I walked on the street always hoping for something to happen. Today, I am not bored anymore: writing makes me feel full

Today, I am not bored anymore: writing makes me feel full, I finally found the pleasure in creating, but I remember that at that time, I walked on the street always hoping for something to happen. A fire, for example, or the outbreak of another world war. But nothing ever happened. Compared to this character, there is a difference: I have lived some fantasies inside my brain.

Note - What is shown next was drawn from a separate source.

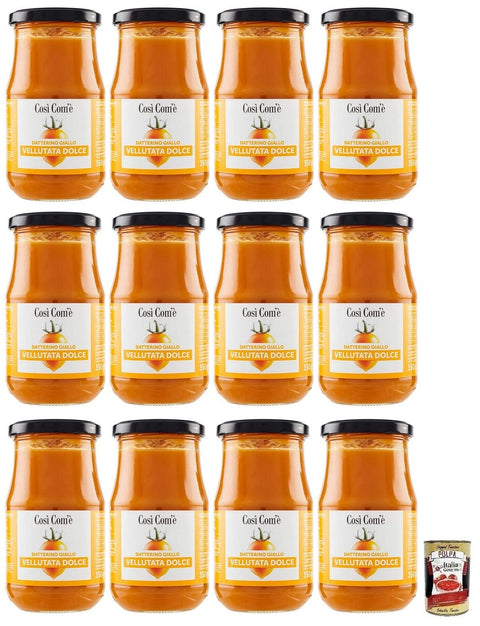 Italian Gourmet Gemüse 12x Così Com'è Vellutata Dolce di Datterino Giallo,Süße Creme aus Gelben Datterini-Tomaten,Italienische Tomaten,350g Glas + Italian Gourmet Polpa di Pomodoro 400g Dose 8017995201321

Instead, he steps out the recognized moral and legal framework and makes a cruel choice.

More than boredom, it seems that what you are describing is actually a form of loneliness …

So it is. Of course, boredom and loneliness can be superimposed. Many people in their solitude can develop a profound moral life; while others get bored and become pricks. I like solitude for a reason: it allows me to write. And therefore I think it’s a great freedom: but not all can (or succeed) to handle it this freedom. They are not able to manage the time available to them.

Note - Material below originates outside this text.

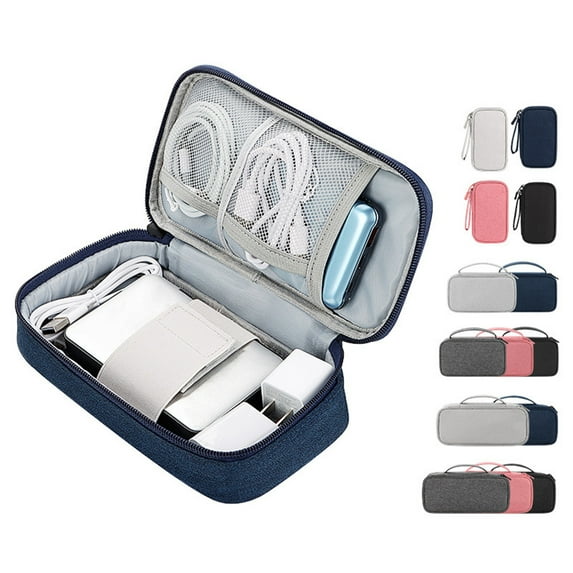 UDIYO Electronic Organizer, Small Travel Cable Organizer Bag Pouch Portable Electronic Accessories All-in-One Storage Multifunction Case for Cable, Cord, Charger, Hard Drive, Earphone, USB, SD Card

In your book, the family is virtually absent or is an impediment. Strange for a society like China’s that is based on the institution of family … 

In China, the concept of family is changing as a result (or thanks) to state policies, or as a consequence to the epochal conflicts that have characterized the country in recent decades.

The reform of the one-child law, after three decades of a policy that allowed only one child per family, changes everything.

With the one-child law, the value of this “heir” rose exponentially, making it a veritable “little emperor” revered and pampered by everyone. It was so for many decades. So, some of these guys have had and have an arrogant attitude towards the elderly, just like the emperor behaved arrogantly towards his officials. But now the law has been changed and, with the possibility of having more children, I think also the balance within the family will be realigned.

Then, there was the launch of the market economy. Trade has always been important in China, except for a period when businessmen were not respected.

Suddenly, everything has changed. Today those who have money are respected, those who don’t are despised. This change has challenged the Confucian culture. These two reasons have transformed profoundly the institution of family in China.

When reading your stories, one perceives a certain obsession with death. Through your writing, do you want to run away from it or normalize it?

I’m terrified of death. It feeds a feeling of limits that you cannot violate. It is the end of every person. Death is something very cruel: you’re somewhere and suddenly, someone comes and takes you away. As an actor taken away from the stage by some officials. It’s humiliating and sometimes, it takes place by force.

I repeat: death is a humiliation. The prisoners, on their way to the gallows, shout slogans, they shout against death. In my opinion, they want to prove some kind of force against this humiliation. In these years I have not been healthy, I was sick and I felt death approaching. I touched the feeling of listening to it closely. Also my father gets worse every year. I saw death up close and of course I’m obsessed.